Despite the menace of his words and tone I saw he was alarmed — he was, for example, asking my price instead of calling a patrolman — and so I gathered he'd got the drift of his daughter's and granddaughter's recent experience in the Catalogue Room. In short, he knew the GILES was alive and about — whether in Bray's person or in George the Goat-Boy's — and had every reason to fear being brought to account for his old infanticide-attempt. I might have unmasked myself then; but a strategy occurred to me for gaining more truth from him before giving any in return. I was the GILES, I repeated, by WESCAC out of Virginia R. Hector: rescued from the tapelift by G. Herrold the booksweep, reared by Max Spielman as Billy Bocksfuss the Ag-Hill Goat-Boy, and come to Great Mall to change WESCAC's AIM and Pass All or Fail All.
"No!" he protested — but in awe now more than in denial.
"Oh yes." However, I declared, he was not to suppose I sought either wealth or fame for myself or retribution for him; I had left the barn to Pass All or Fail All, and having that same day passed all my tests and the Finals, I wanted nothing from him but a true accounting of my birth and infancy before I went forth to my larger work.

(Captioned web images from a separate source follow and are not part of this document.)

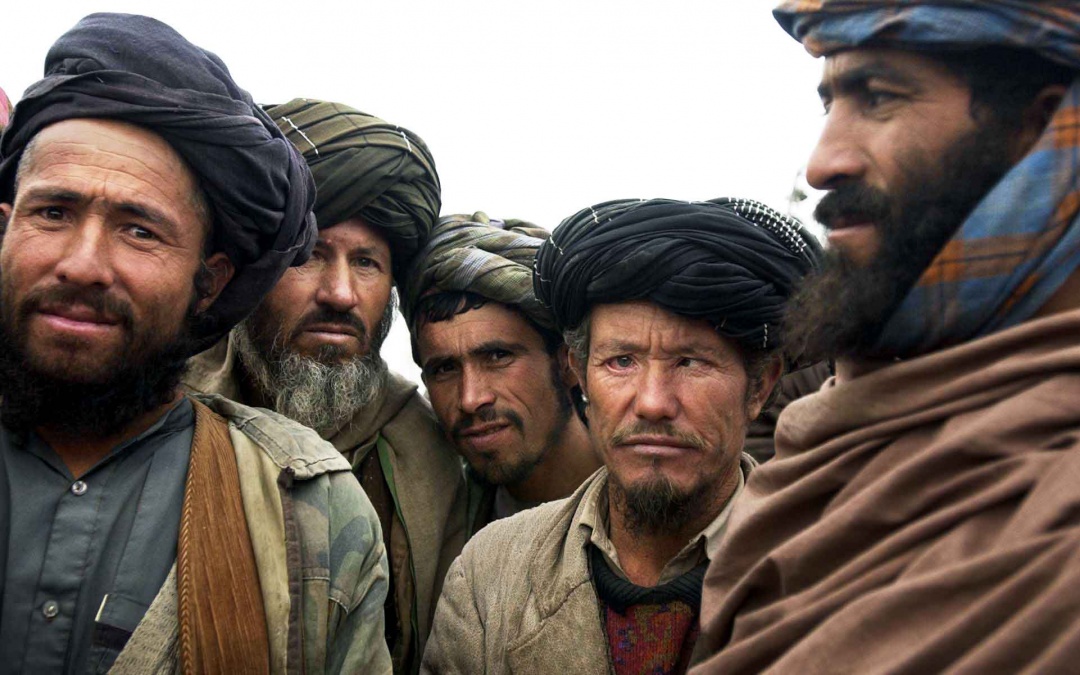 Afghan men surround and stare at a photographer and her camera.
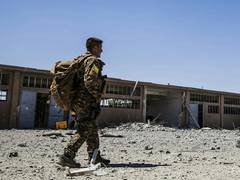 
      
      Kurds fully withdraw from besieged Syria border town
      
      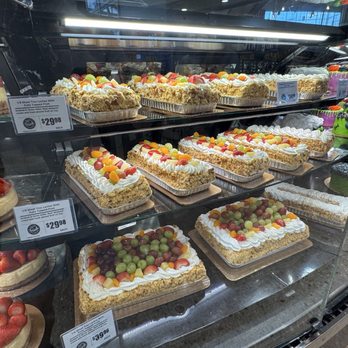H-E-B - A glass display case at H-E-B in Lakeway, TX, showcases an assortment of cakes, including fruit-topped sheet cakes and strawberry cakes, with price tags visible. - Drugstores Near Me - Lakeway, Texas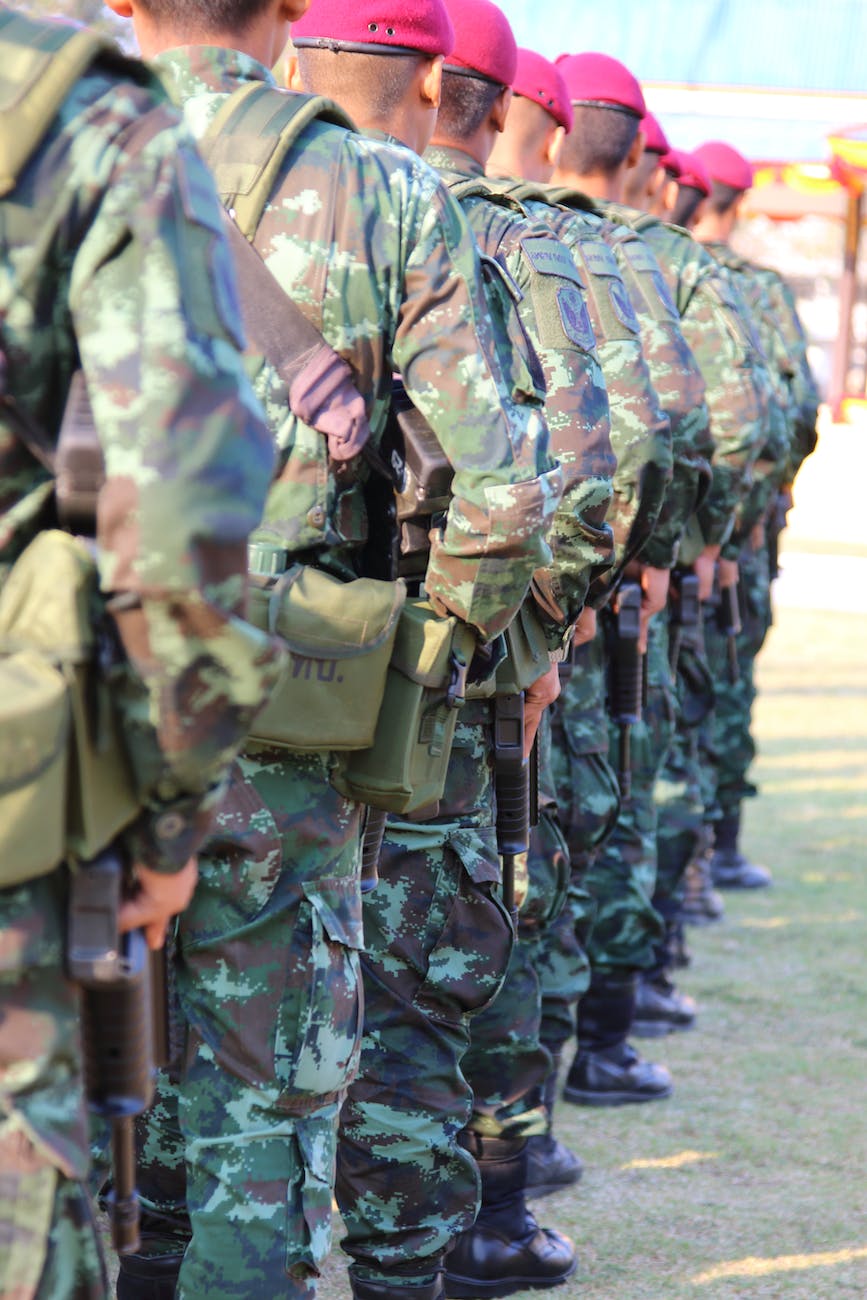 people wearing green and brown camouflage military suit while standing holding rifles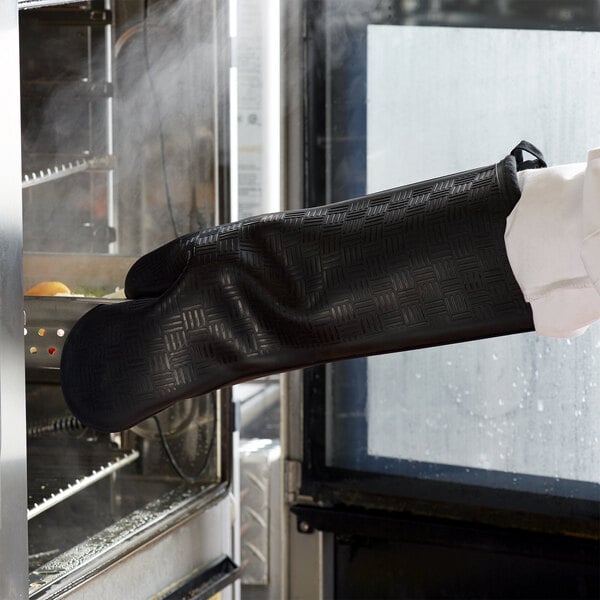 A person wearing a black San Jamar Flexguard silicone oven mitt.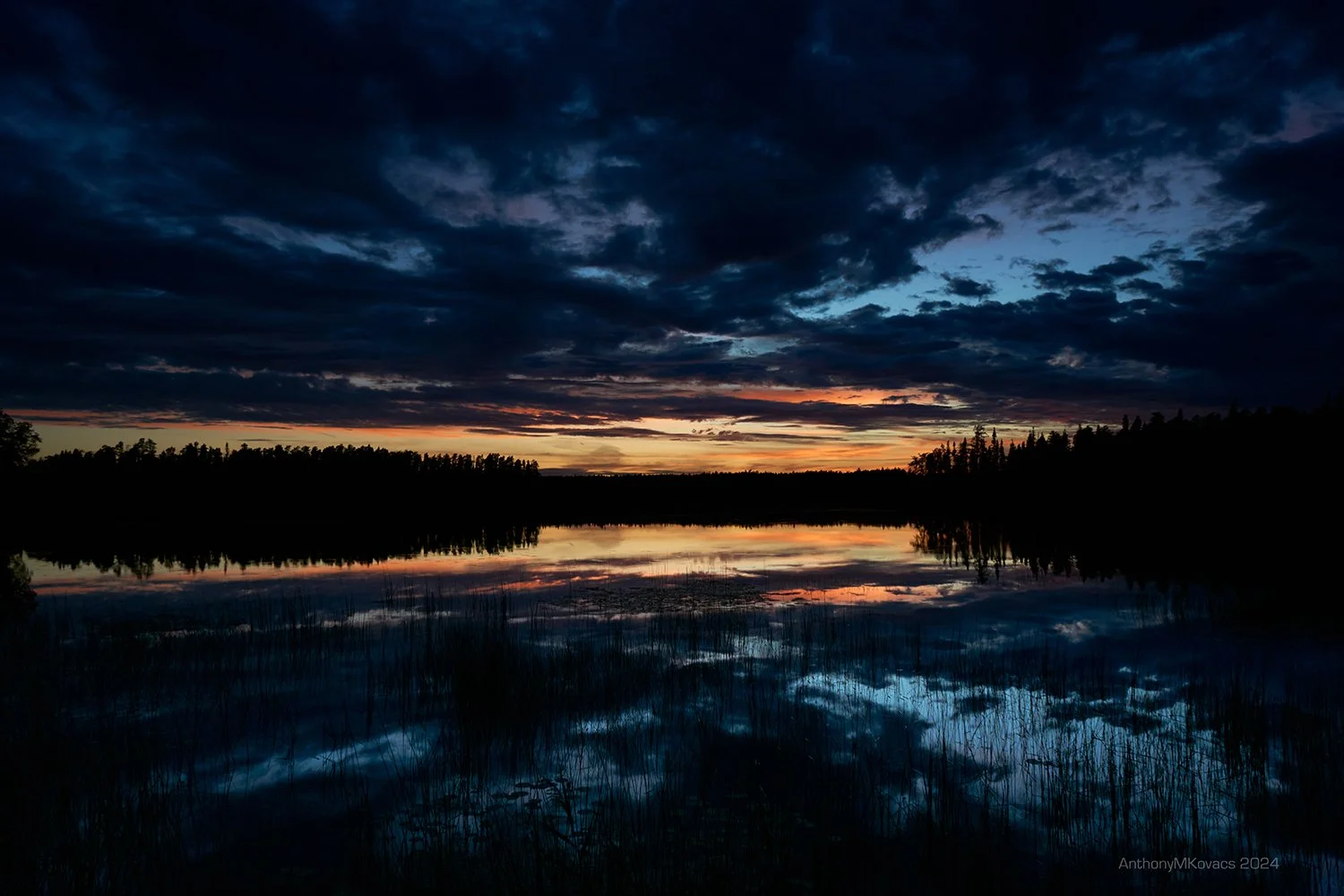 A twilight scene over a lake with dark clouds in the sky and trees along the horizon, with a colorful sunset reflected in the water.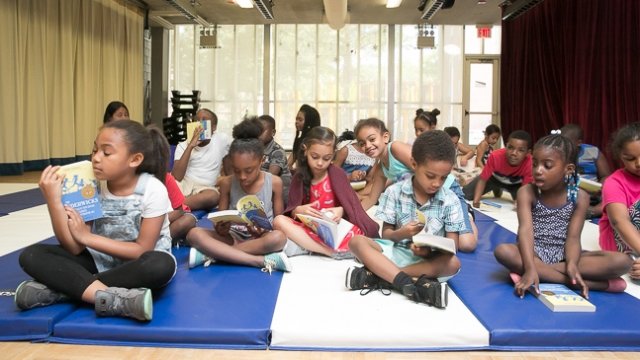 Children reading at the National Book Foundation's Book-Rich Environments Initiative launch.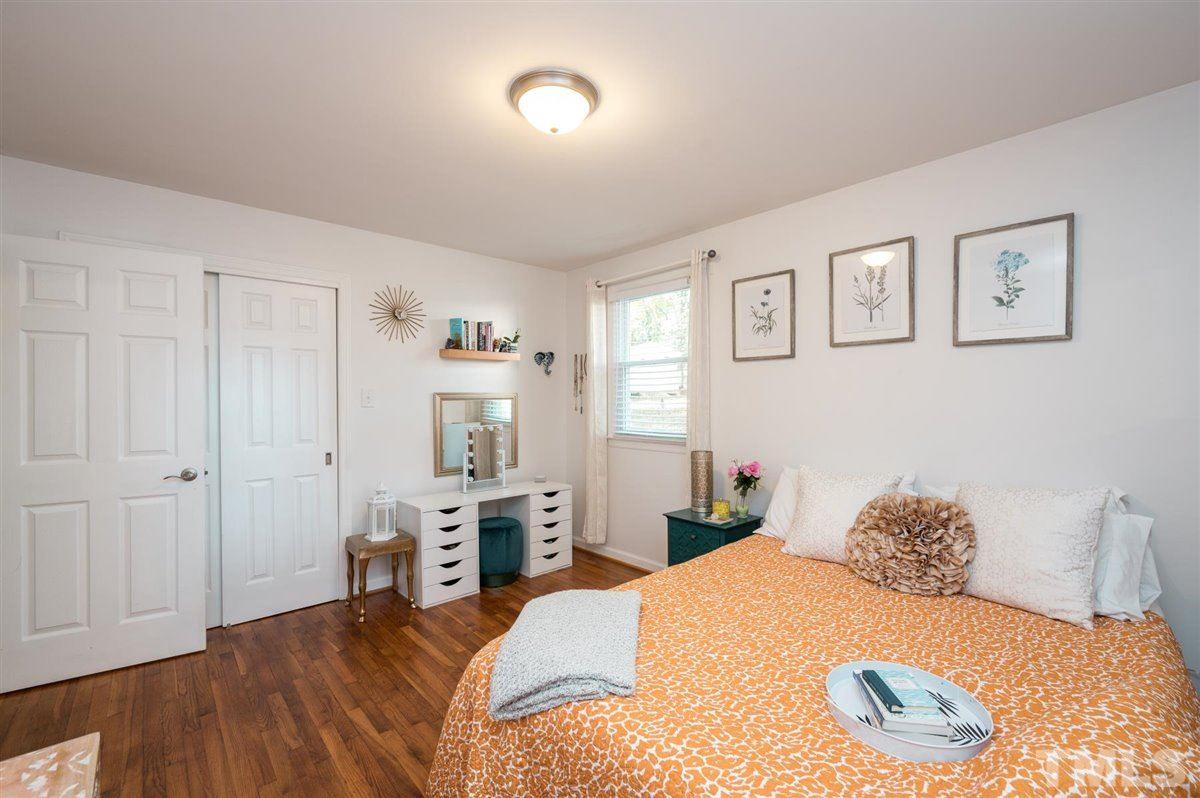 2213 Mossbank Road Raleigh, NC 27604 - Photo 19 of 28 a bedroom with a bed and a cabinets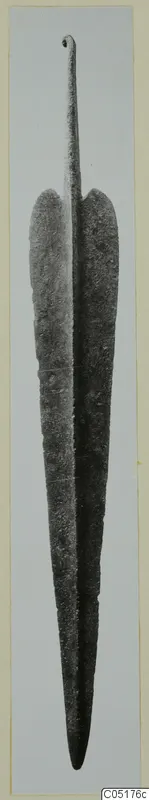 Metal blade from Lapithos, long and leaf-shaped, with a narrow tang ending in a small loop at the top.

He rubbed his strong chin suspiciously. "What about that George fellow, crashed the Grate this morning?"
"An impostor," I said. "A false goat-boy."
"I heard from Maurice Stoker he was out to make trouble. Founder knows he's made plenty!"
"But not for you," I pointed out. "Anyhow, I've taken care of him."
He squinted at me afresh. "You're really Virginia's son? She was saying crazy things about that George fellow…"
My heart glowed; she had acknowledged me then, at last, after the shock of my old blind assault, and of seeing me again, had led her to deny me! My gratitude for this overcame any lingering grudge against Reginald Hector; I sat beside him on the desktop and laid a friendly hand on his shoulder.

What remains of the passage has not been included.